In re Hurlbutt, Hatch & Co.
Decision Date | 09 January 1905 |
Citation | 135 F. 504 |
Parties | In re HURLBUTT, HATCH & CO. |
Court | U.S. Court of Appeals — Second Circuit |
John C F. Gardiner, for petitioner.
Benj. N. Cardozo, for respondent.
Before WALLACE, LACOMBE, and TOWNSEND, Circuit Judges.
The petitioner was a member of the firm of Hurlbutt, Hatch & Co. bankrupts. Henry B. Ketcham, trustee in bankruptcy of said firm, claimed that a seat in the New York Stock Exchange standing in the name of said Hatch, was copartnership property, worth $68,000, which passed to the trustee and could be sold by him, yet that, owing to the custom and rules of the stock exchange, it could not be advantageously sold so as to be available for the satisfaction of the claims of the firm's creditors, unless its sale should be requested by Hatch, but that, if he would execute and deliver to the stock exchange a paper directing it to sell his seat and to pay the proceeds to the trustee in bankruptcy, the exchange would obey his direction.
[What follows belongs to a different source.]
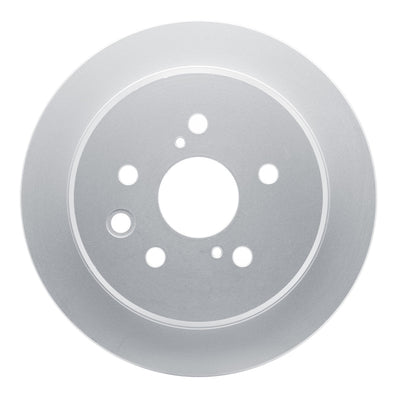DFC 06-15 Lexus IS250 Rear GeoSPEC Coated Rotor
It appeared that Hatch had refused to apply the said seat to the payment of the partnership debts or to transfer it to the trustee, or to consent to its sale. The debts of the copartnership amount to about $175,000; its assets, exclusive of said seat, are about $34,000.
The trustee applied to the District Court for an order that Hatch be required to sign and deliver to the stock exchange such request and direction as would authorize an advantageous sale and make the proceeds thereof available for the payment of partnership debts.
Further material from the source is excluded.